=== What the exercise asks ===
Starting at the line that contains "Photo photo de" and stopping at the line that contains "a white bedroom", restate each line of the records below exactly. Omit the pictures.

══ Data provided

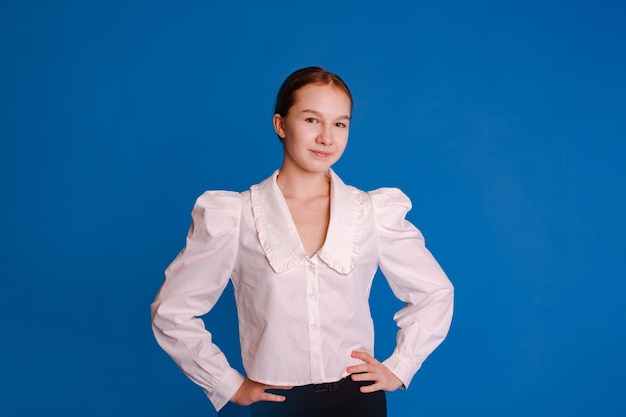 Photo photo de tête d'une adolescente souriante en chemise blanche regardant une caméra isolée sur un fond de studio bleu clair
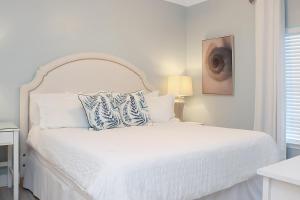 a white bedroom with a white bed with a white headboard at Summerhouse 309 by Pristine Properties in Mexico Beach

════
══ Data provided

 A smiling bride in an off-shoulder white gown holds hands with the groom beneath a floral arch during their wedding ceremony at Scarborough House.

════

=== Answer box ===
 Photo photo de tête d'une adolescente souriante en chemise blanche regardant une caméra isolée sur un fond de studio bleu clair
 a white bedroom with a white bed with a white headboard at Summerhouse 309 by Pristine Properties in Mexico Beach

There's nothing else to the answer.